The MONA experience started with a relaxing ferry ride from the Hobart wharf, up the Derwent River, to the foot of a sandstone cliff that encases the Museum. Where things started to challenge normality was when I had to walk four storeys underground to disappear into a world of wackiness and confrontation.
I spent most of the next four hours laughing outrageously, laughing nervously or being completely gobsmacked! I have no idea whether those were appropriate responses, and perhaps I was showing my complete lack of culture and civilisation. There was the Fat Car, a plump and pumped up Porsche, as a commentary on our flabby and obese lifestyles. There was a tribute to Madonna which included a wall of 40 televisions, each featuring a person singing ‘Like A Virgin’ off-key. There were Egyptian sarcophagi and a truck in a hall. Yes, a full-size semi-trailer four storeys underground, wedged in a hallway. Go figure!
By the end of the visit, I was physically exhausted and almost sore from the sensory overload. Such an assault on the senses, both positive and negative, has left a deep and lasting impression. Call me crazy, but I think it is worth a trip to Hobart just to experience MONA. It has not converted me to become a modern art fan, but it has certainly put Hobart on the cultural map!
Reeling from all that ‘culcha’, we borrowed a car and headed west out of Hobart to see as much of Tassie as we could in the short time remaining. In another post, I will talk about the excellent range of day walks we enjoyed, but here I will focus on the ‘built’ tourist attractions.
If you have the opportunity, another ‘must see’ is The Wall in the Wilderness. Located at Derwent Bridge, midway between Hobart and Strahan, a sculptor is creating a breathtaking work of art in wood. The Wall is made up of three metre high panels of wood, all joined together to form a solid visual expanse. These panels are being progressively carved to highlight the history of the central Tasmanian highlands, starting with the Indigenous people and including the timber industry, pastoralists, miners and Hydro workers. The skill involved is simply outstanding – a wagon has every spoke, chain and rope carved individually and separately to stand out in relief. When we visited in 2011, the wall was around 40 metres long, with the final length to be 100 metres. I agree that sometimes wood turning and wood carving can be a little twee, but this is art in a wooden form. Don’t miss it.
Back in the car, we joined the stream of grey nomads heading west towards Strahan. It gave me pause to wonder whether we had automatically and involuntarily joined the Grey Nomad scene, and although I wasn’t overly happy about it, we were travelling out of school holiday time, and we simply had to roll with it. Literally! Get stuck behind a grey nomad in a caravan or camper, and even though Tasmania is small, it takes a long time to roll anywhere!
The West Coast Wilderness Railway was a highlight for the train nut in our travelling party.
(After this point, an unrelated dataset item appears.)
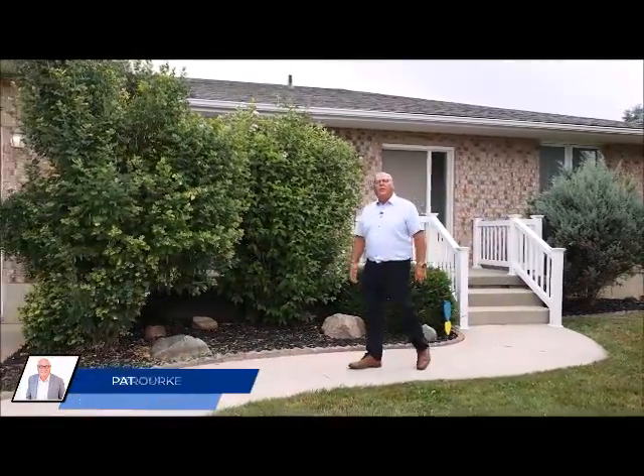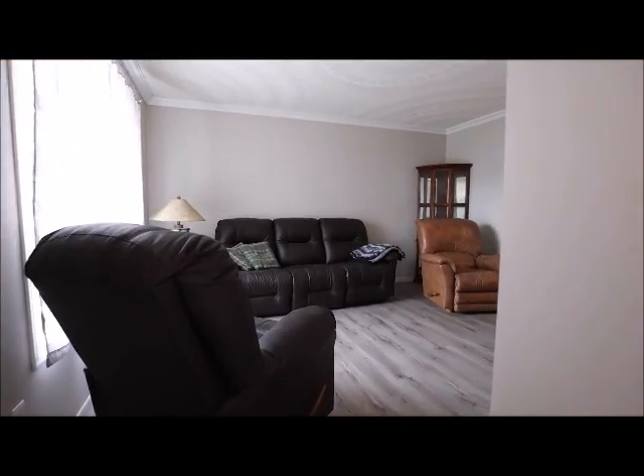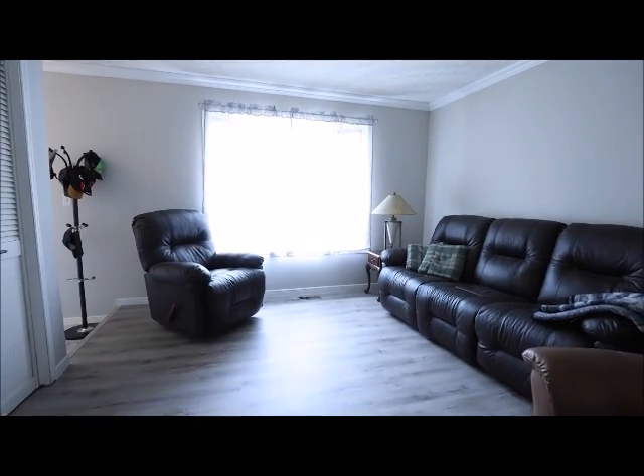This solid brick bungalow is located on a quiet street in the growing town of Exeter. As you walk in the house, you can take a step into the galley kitchen or into the living room.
The steam train puffed its way from Queenstown to Strahan, through some of the most remote and picturesque landscape you could ever come across.
Queenstown is a bit of an anomaly in the normally leafy Tasmanian countryside. It is a moonscape, battered and barren as a result of over 100 years of copper mining. It is a tired community with little going for it other than being the starting point for the tourist railway. I am sure the loyal locals would beg to differ, but the down-at-heel feel and multiple empty shops indicated to me that its time has passed.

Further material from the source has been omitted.